Start of Block

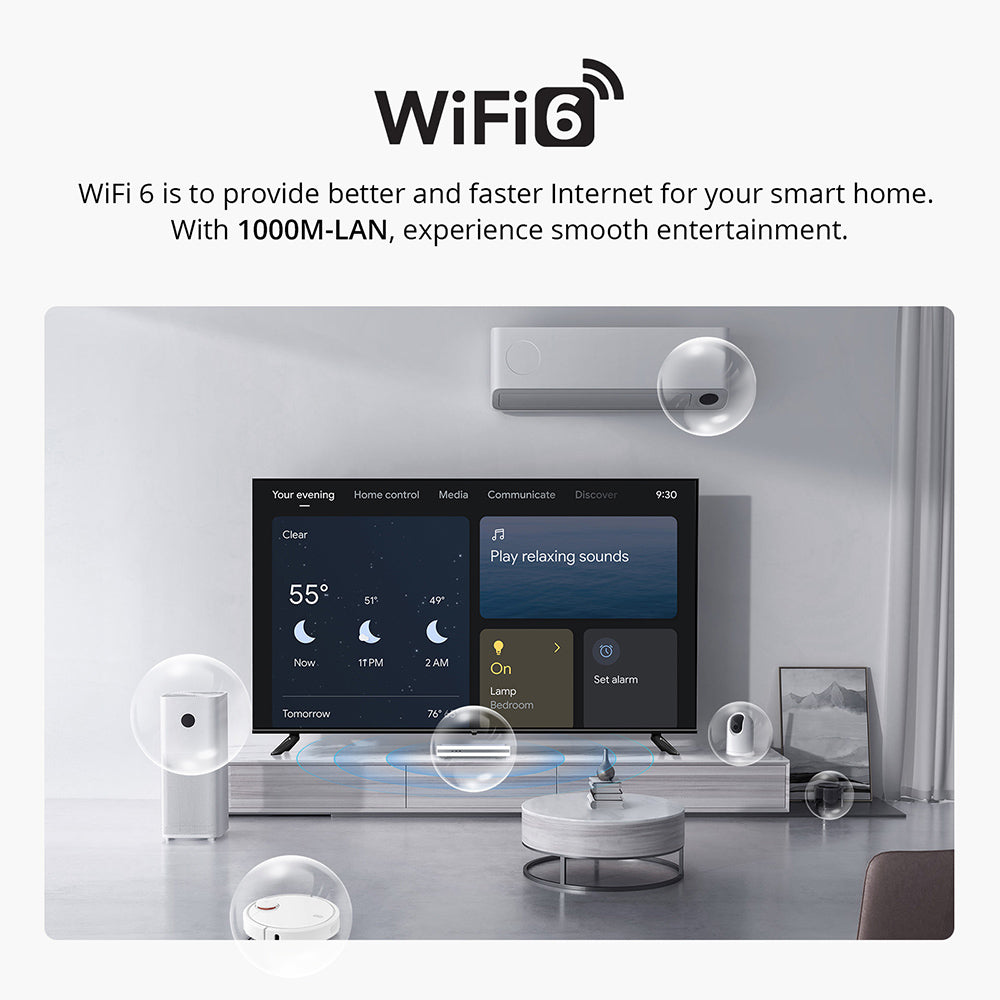 MECOOL KM2 PLUS Deluxe TV Box, Android 11, 4K HDR Output, Amlogic S905X4-J Quad Core, 4GB RAM 32GB ROM, WiFi 6 Bluetooth 5.0, Dolby Vision & Dolby Atmos, 2*USB 2.0 1*HDMI 1*AV 1*LAN 1*TF Card Slot 1*SPDIF Optical 1*Earphone Port - EU Plug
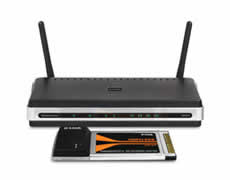 D-Link DKT-360 Wireless N Cardbus Network Kit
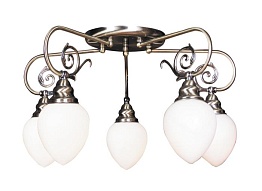 Люстра потолочная Arte Lamp SALZBURG A3853PL-5AB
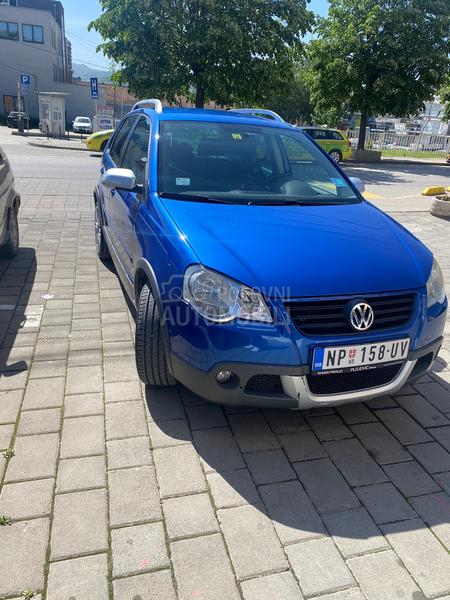 Volkswagen Cross Polo polo cross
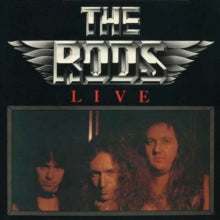 The Rods: Live (Red Vinyl) - Vinyl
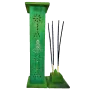 Torre porta incienso Verde + incienso HEM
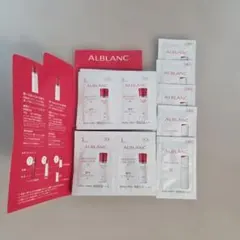 ALBLANC 薬用ローション エマルジョン サンプルセットのサムネイル
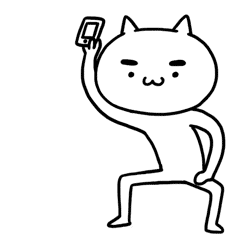 魔性喵／sexy cat（图ZNzEwNTM2NTY=） - 网络表情 - 站酷设计师HelloRed原创素材 - 站酷ZCOOL
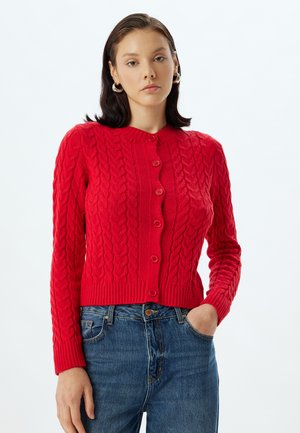 Koton CABLE - Kofta - red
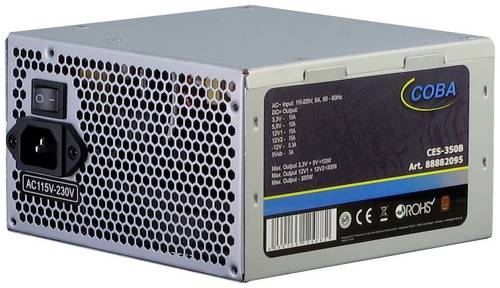 Inter-Tech Coba CES-350B PC Netzteil 350 W 80PLUS Bronze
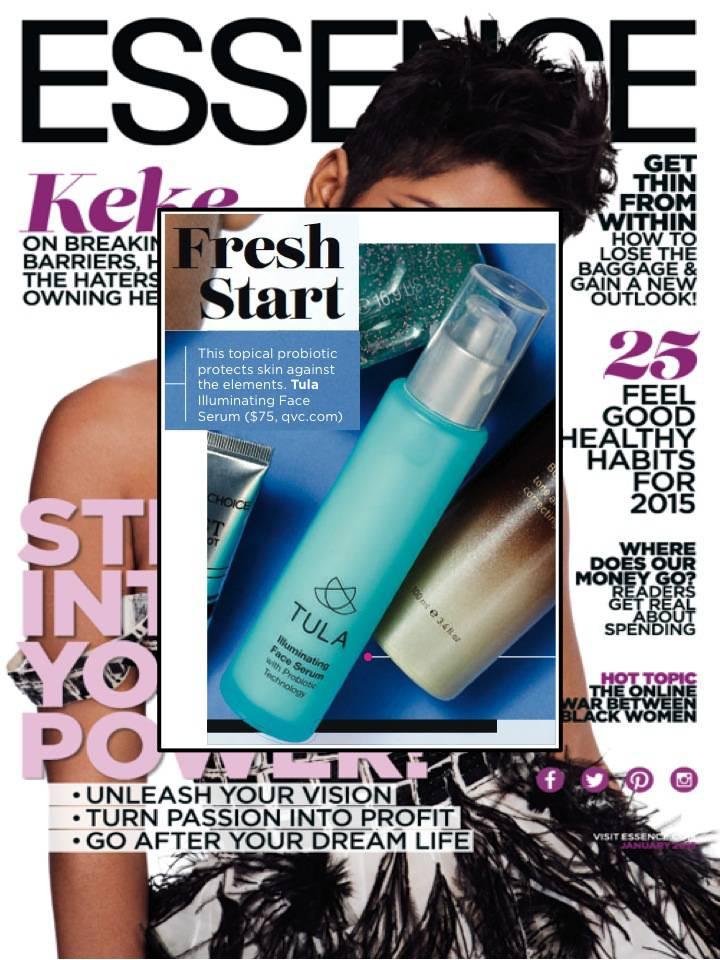 TULA Illuminating Serum - Essence Magazine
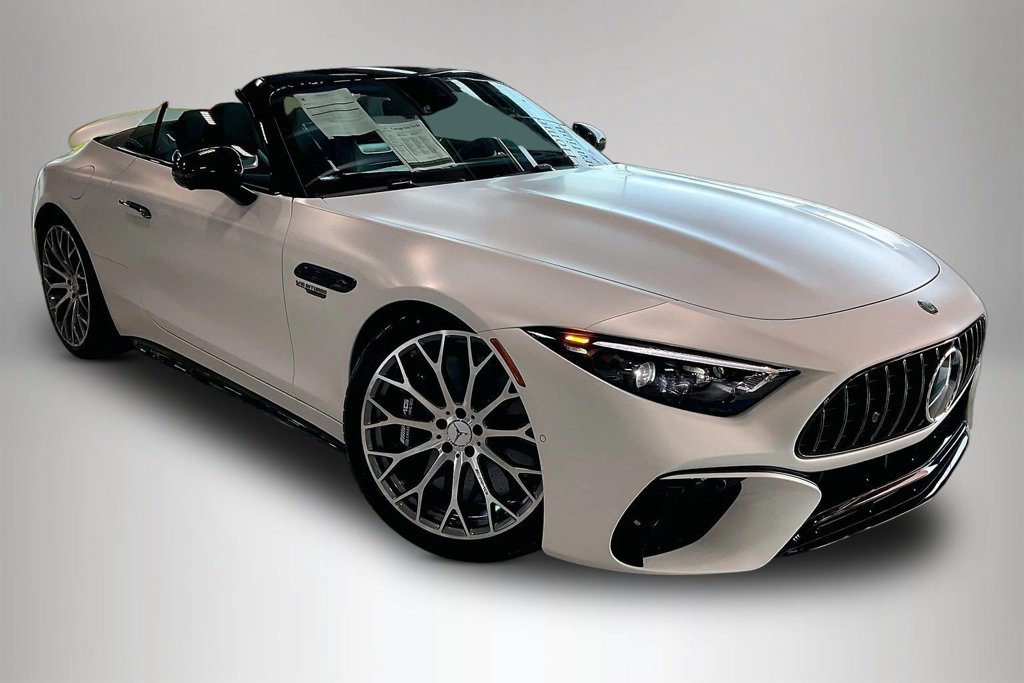 2026 Mercedes-Benz SL Mercedes-AMG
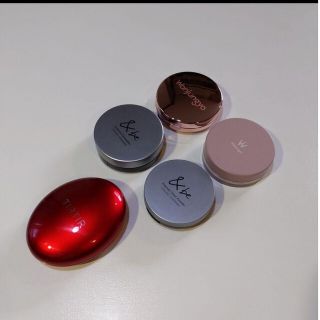 アンドビー(&be)のクッションファンデ(＆be)TIRTIR(Wonjungyo)LANCOME(ファンデーション)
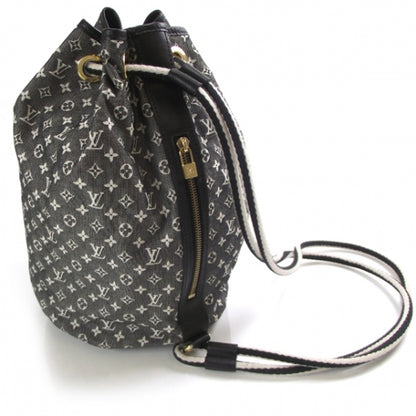 Louis Vuitton Mini Lin Monogram Betsy Backpack Blue 3 of 8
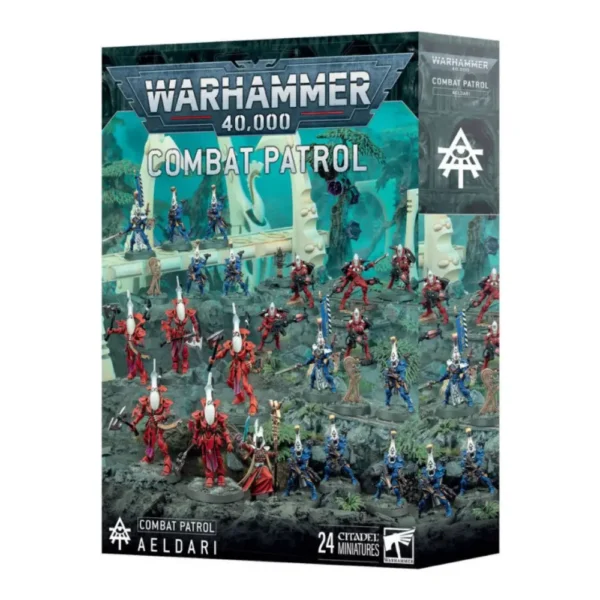 Warhammer 40K Combat Patrol Aeldari 24 Miniaturas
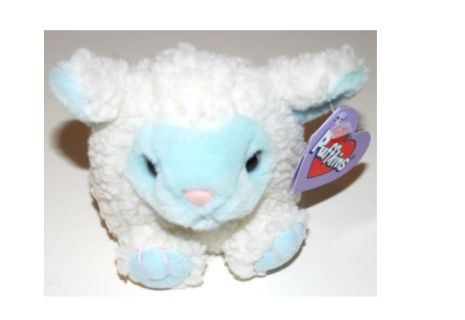 Puffkins Bean Bag Plush - Bluebell the Lamb-Retail-12.99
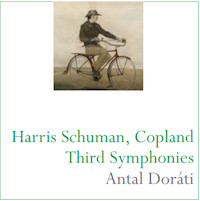 schuman copland harris dorati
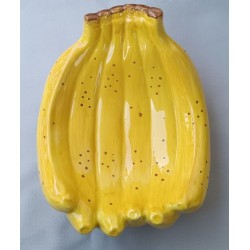 Vide poche Bananes jaunes en céramique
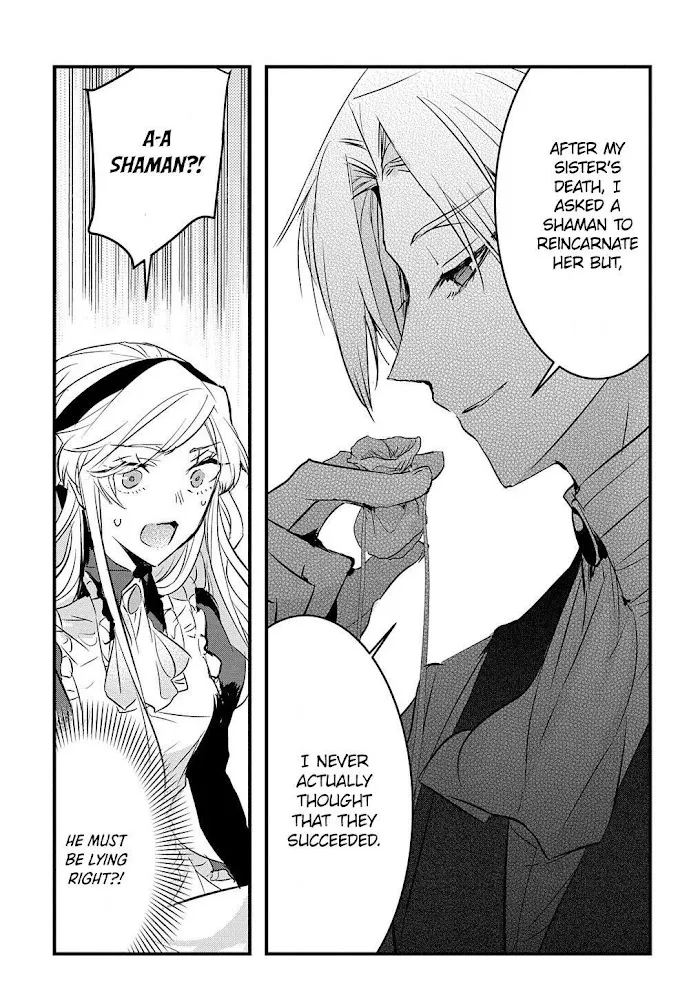 The Reincarnated Villainess Doesn’t Want Revenge Chapter 7 page 18 - 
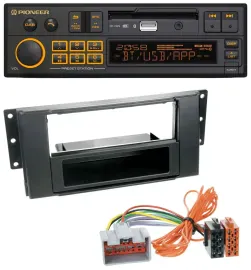 Автомагнитола для Land Rover Freelander 2011–2012 Pioneer DAB MP3 USB Bluetooth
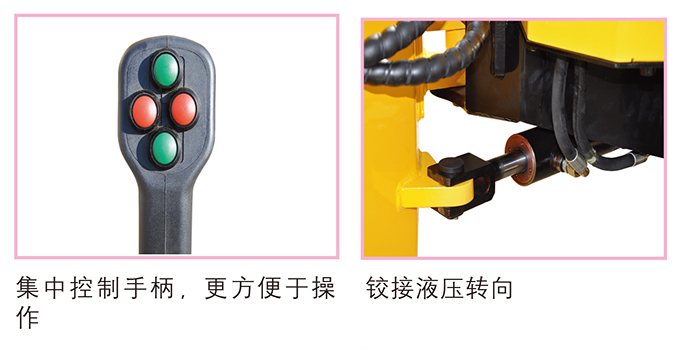 沃爾華手扶式開溝機細節展示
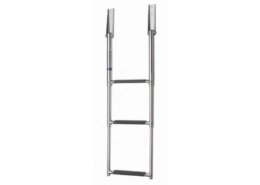 Telescopische zwemtrap 3 treden smal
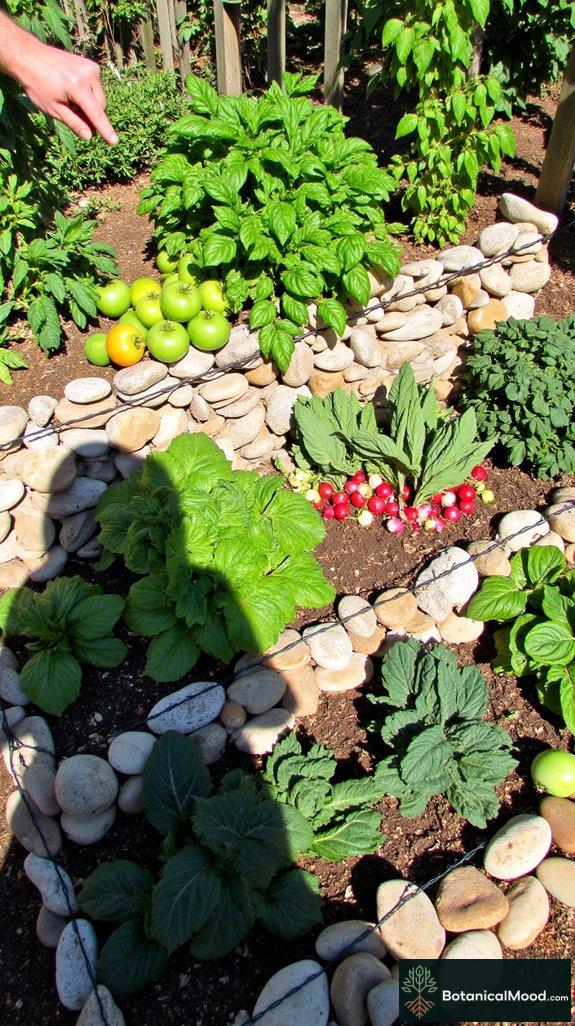 multi tiered garden structures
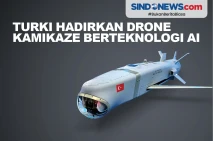 Turki Hadirkan Drone...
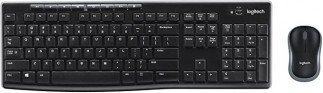 Logitech MK270 Wireless Keyboard and Mouse Combo Tanzania - Keyboard and Mouse Included, Long Battery Life 920-004509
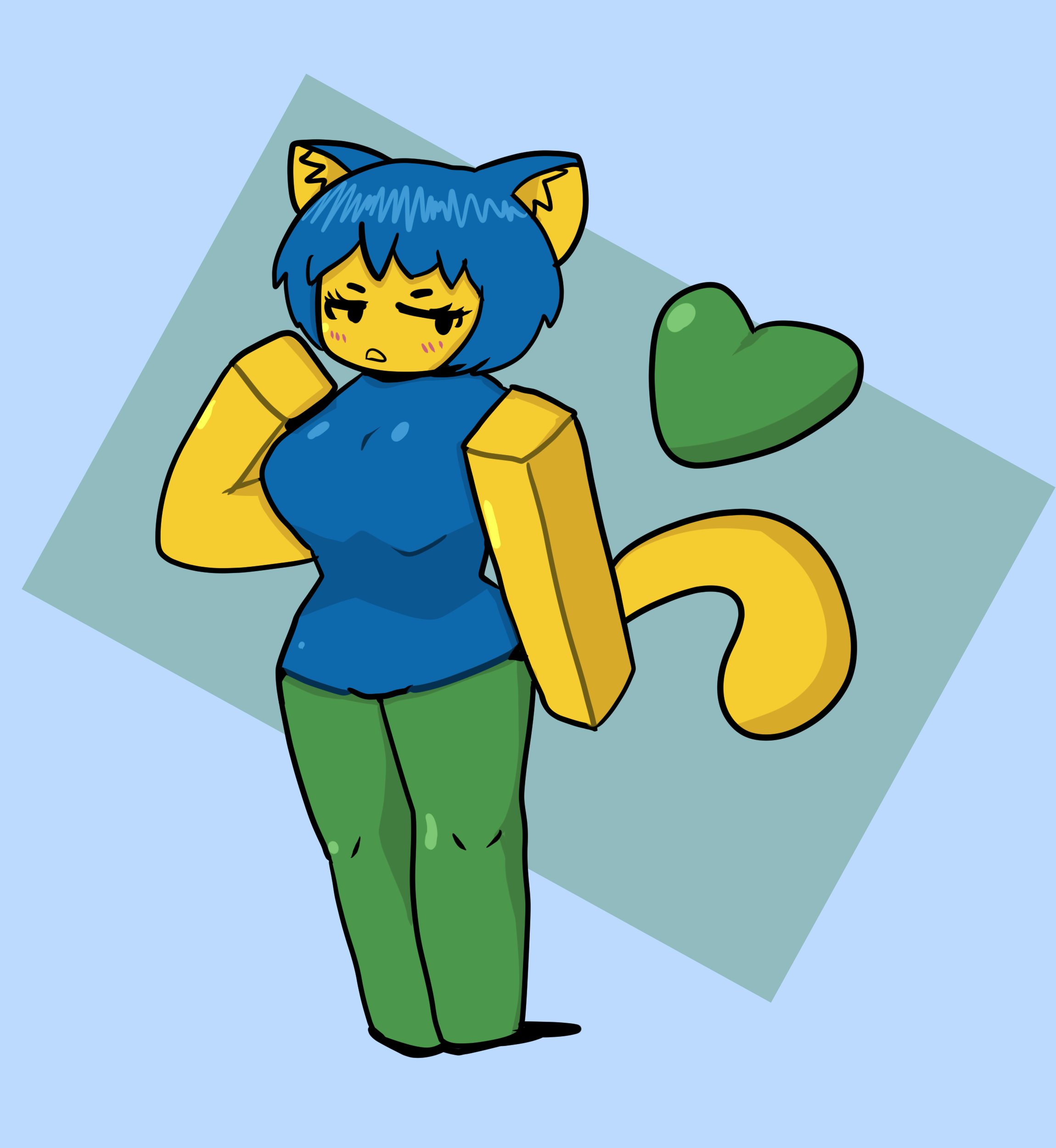 Noob (Roblox) Rule 34 Image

End of Block

_How to complete this task_: What are the lines above from the one with "2026 Mercedes-Benz SL Mercedes-AMG" to the one with "Puffkins Bean Bag", both included? Reproduce them exactly, without pictures.

_Solution to this exercise_:
 2026 Mercedes-Benz SL Mercedes-AMG
 アンドビー(&be)のクッションファンデ(＆be)TIRTIR(Wonjungyo)LANCOME(ファンデーション)
 Louis Vuitton Mini Lin Monogram Betsy Backpack Blue 3 of 8
 Warhammer 40K Combat Patrol Aeldari 24 Miniaturas
 Puffkins Bean Bag Plush - Bluebell the Lamb-Retail-12.99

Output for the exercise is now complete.